### RECORDED DATA

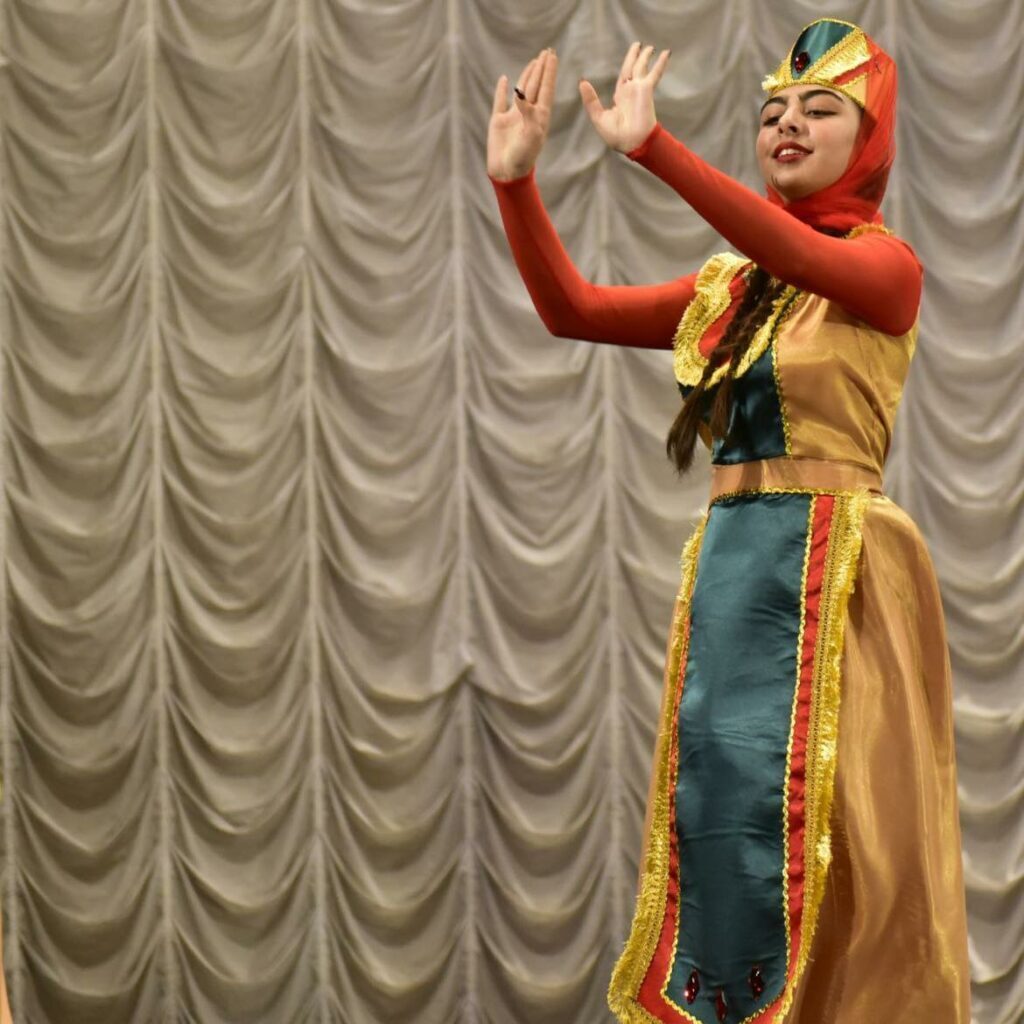 «Я не представляю себя ни в каком другом стиле, кроме как танцевать народные танцы». танцовщица Арпине Микоян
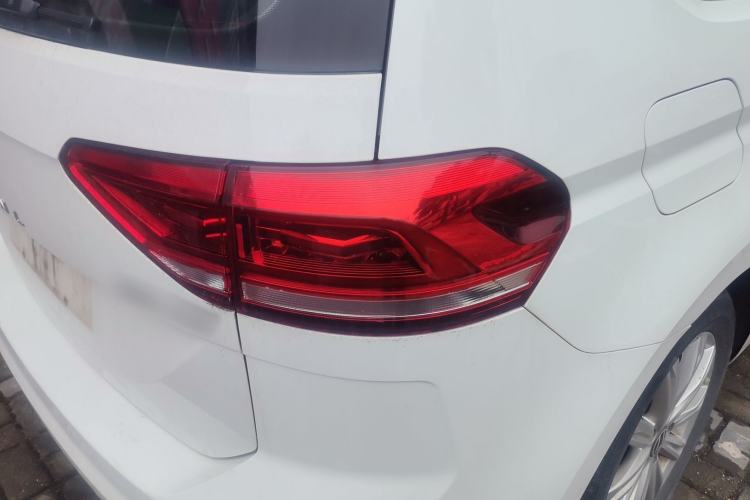 Used Volkswagen Touran 2021 Touran L 280TSI DSG Comfort Edition 7 Seats Right Rear Taillight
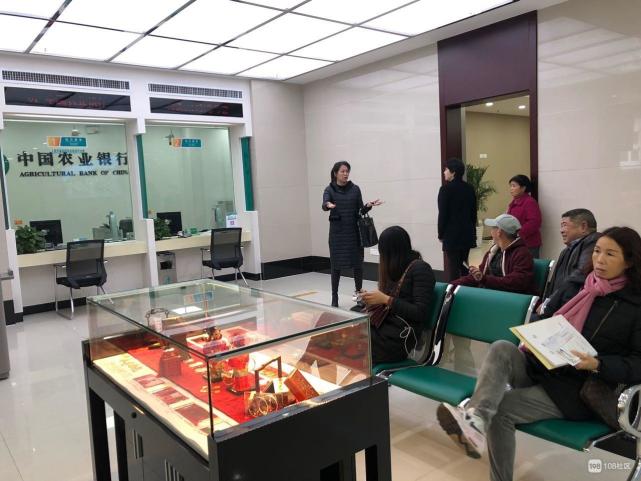 银行取款5万元银行说不给取,银行取款20万被拒怎么办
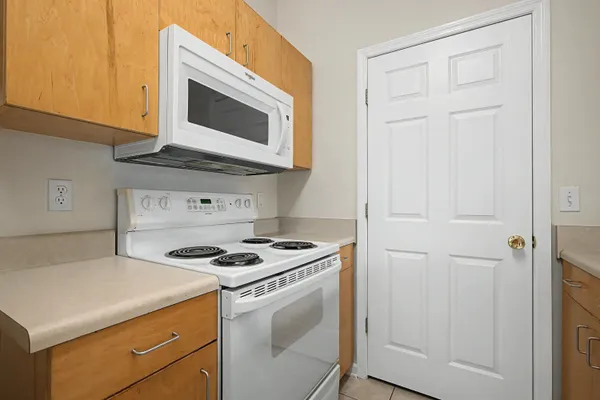 $159,900 | 2403 Hartsfield Road, Unit 401, Tallahassee, FL 32303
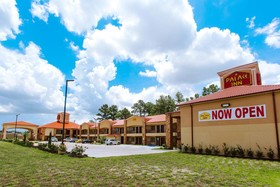 Crystal Inn & Suites Willowbrook Mall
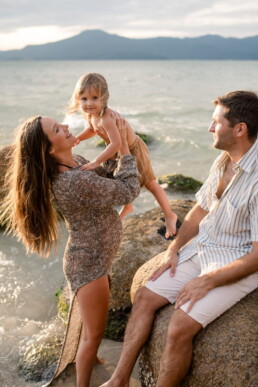 ensaio de família na praia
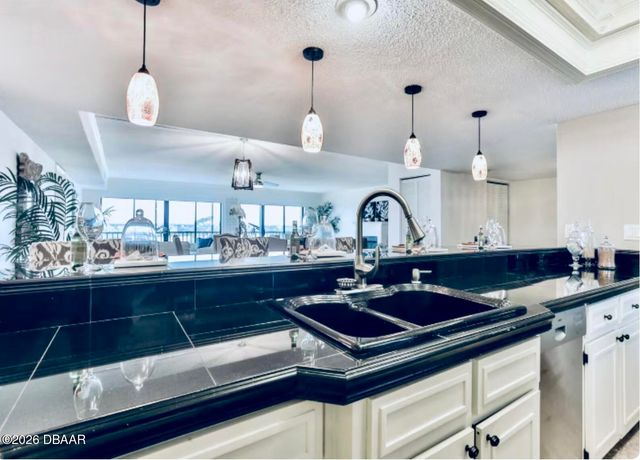 944 S Peninsula Dr Apt 501, Daytona Beach, FL 32118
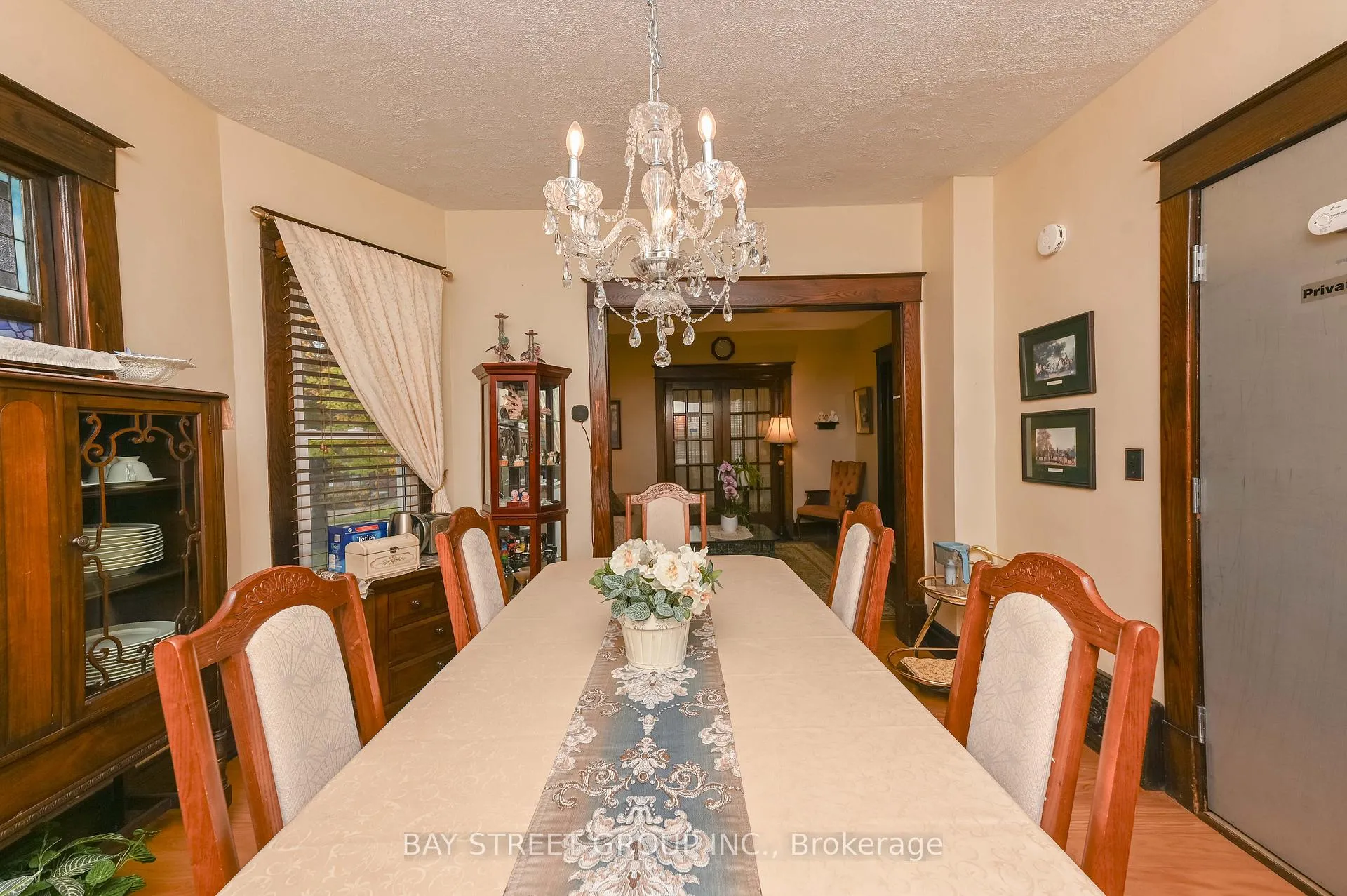 Photo 13 of 4467 John Street, Niagara Falls, Downtown — HOMEH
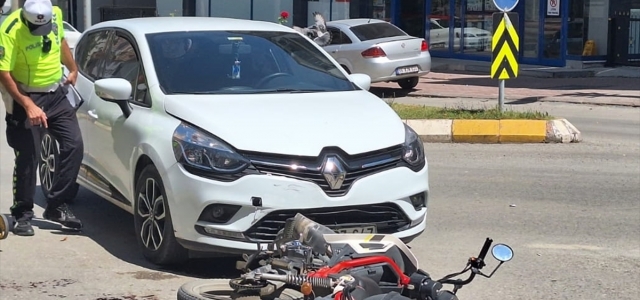 Samsun'da 3 ayrı trafik kazasında 3 kişi yaralandı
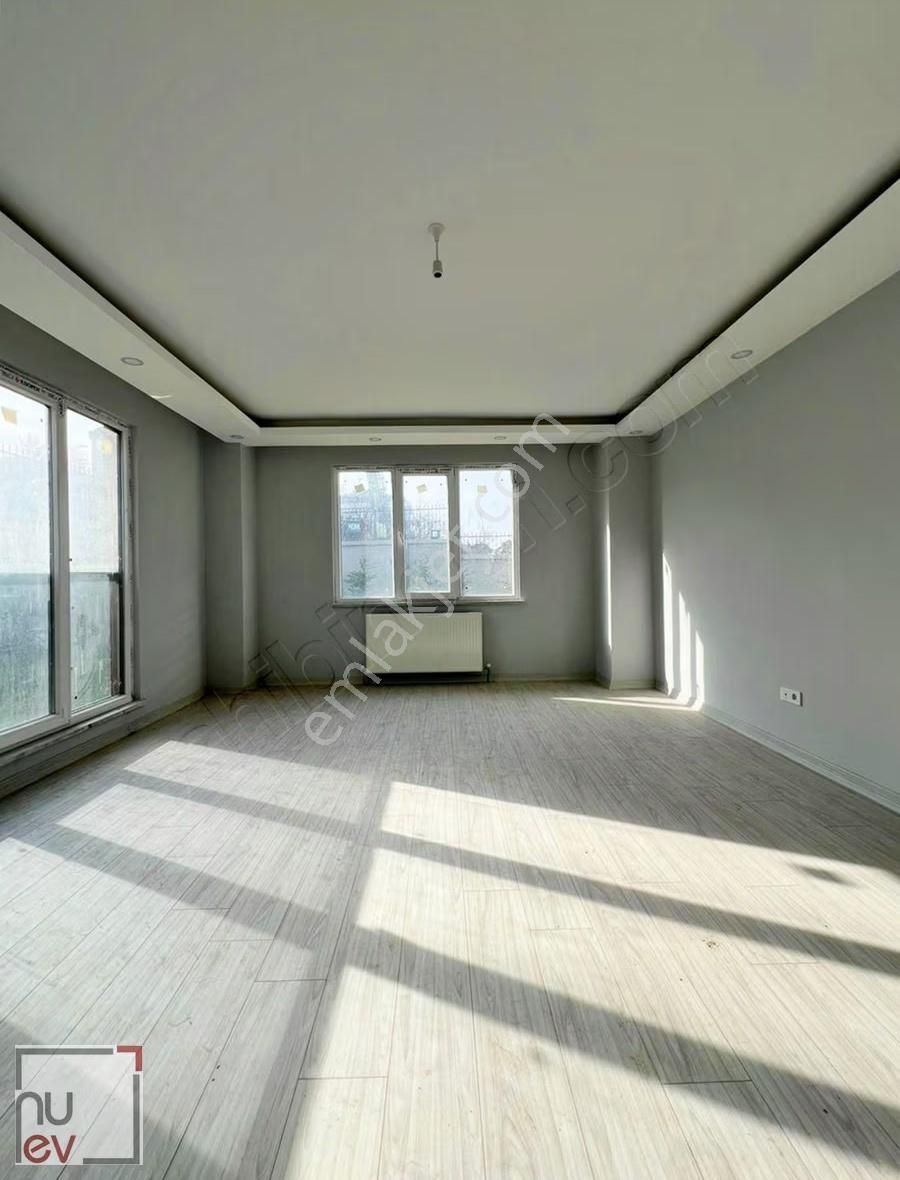 Bahçe Kullanımlı Ferah 2+1 Kiralık Daire-nuev - Görsel 2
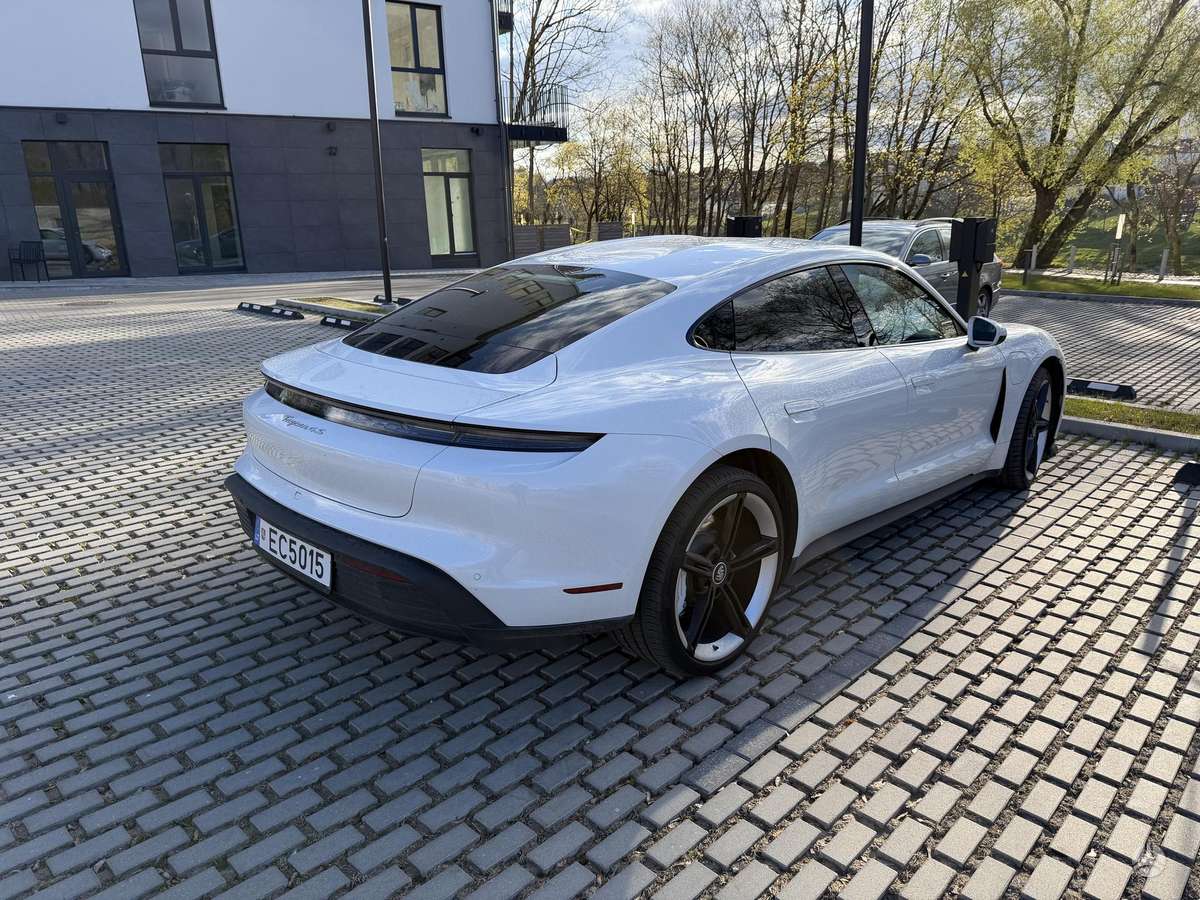 Porsche Taycan, Седан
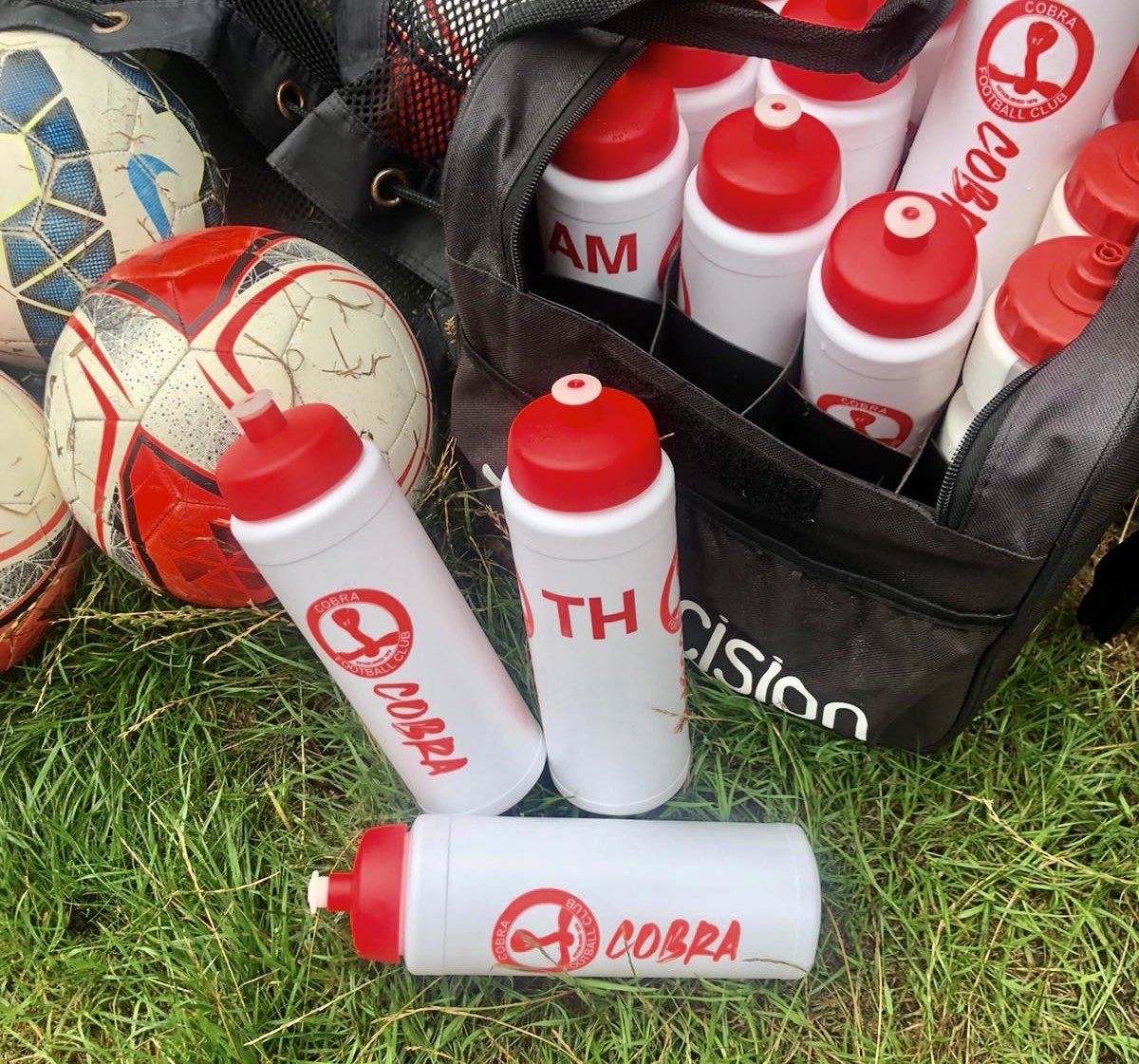 cobrafcdagenham's tweet photo. First sets of drinks bottles handed out. Weβre confident that we can say the mess that is Parsloes Park every week isnβt because of us (& it was quite a mess this morning, & Iβm sure itβs down to adult teams not kids).
#Pickupyourmess
#dontbeascruff
#youwouldntdoitathome https://t.co/cCKaPmtgmu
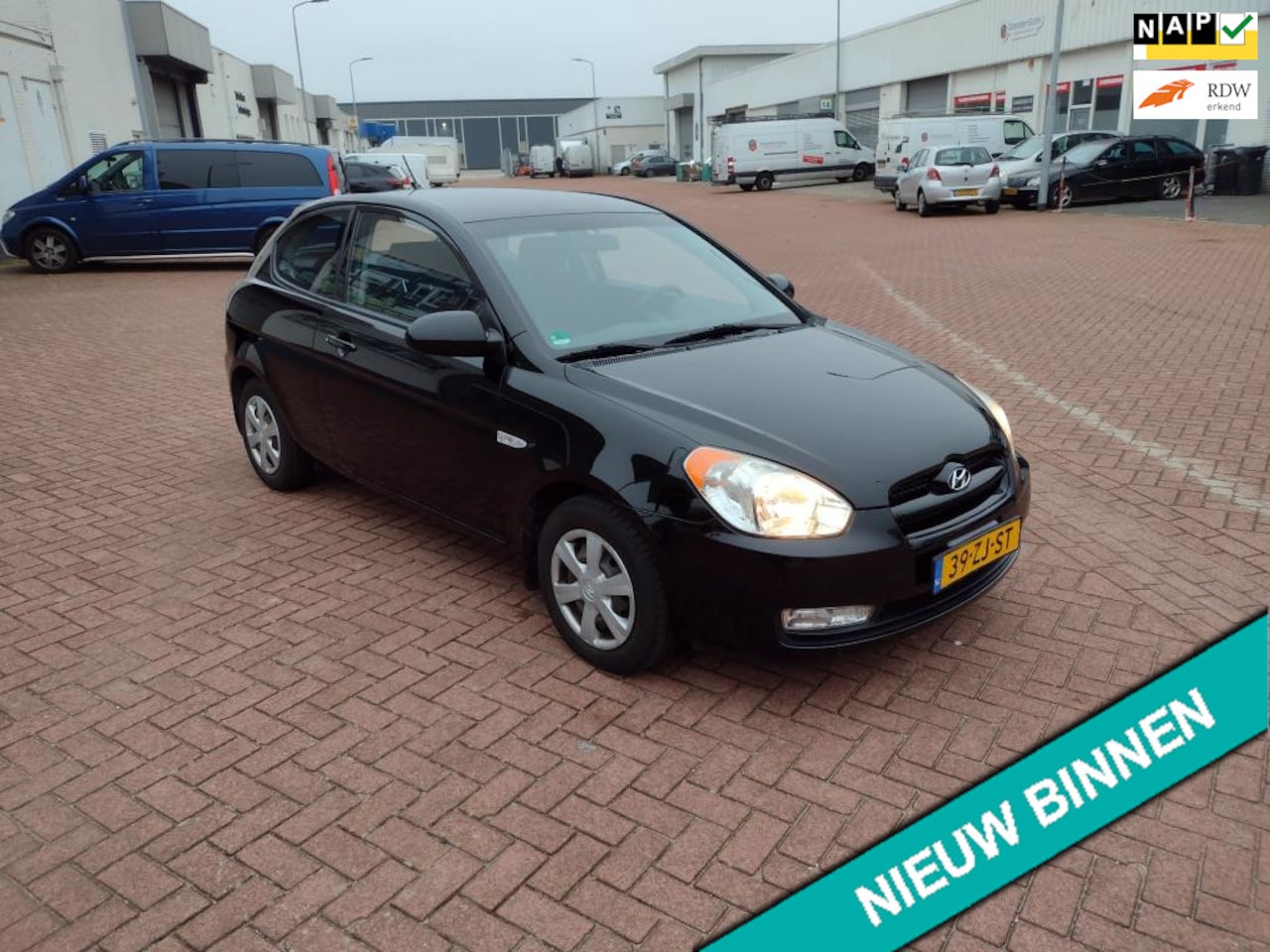 Hyundai Accent - 1.4i Dynamic Joy MOOIE AUTO BEL 0619590613 APK 01-03-2025 - AutoWereld.nl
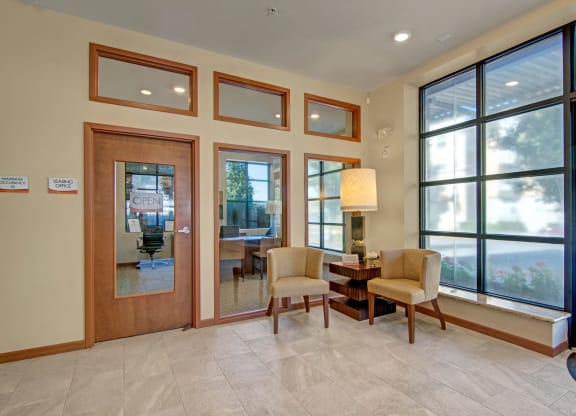 Ondine resident lounge Apartments in Kirkland, WA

### ABOUT THIS TASK
Could you repeat, exactly and with nothing else, the lines from the one containing "Porsche Taycan, Седан" through the last line of the records above, leaving out the pictures?

### RESULT
 Porsche Taycan, Седан
 cobrafcdagenham's tweet photo. First sets of drinks bottles handed out. Weβre confident that we can say the mess that is Parsloes Park every week isnβt because of us (& it was quite a mess this morning, & Iβm sure itβs down to adult teams not kids).
#Pickupyourmess
#dontbeascruff
#youwouldntdoitathome https://t.co/cCKaPmtgmu
 Hyundai Accent - 1.4i Dynamic Joy MOOIE AUTO BEL 0619590613 APK 01-03-2025 - AutoWereld.nl
 Ondine resident lounge Apartments in Kirkland, WA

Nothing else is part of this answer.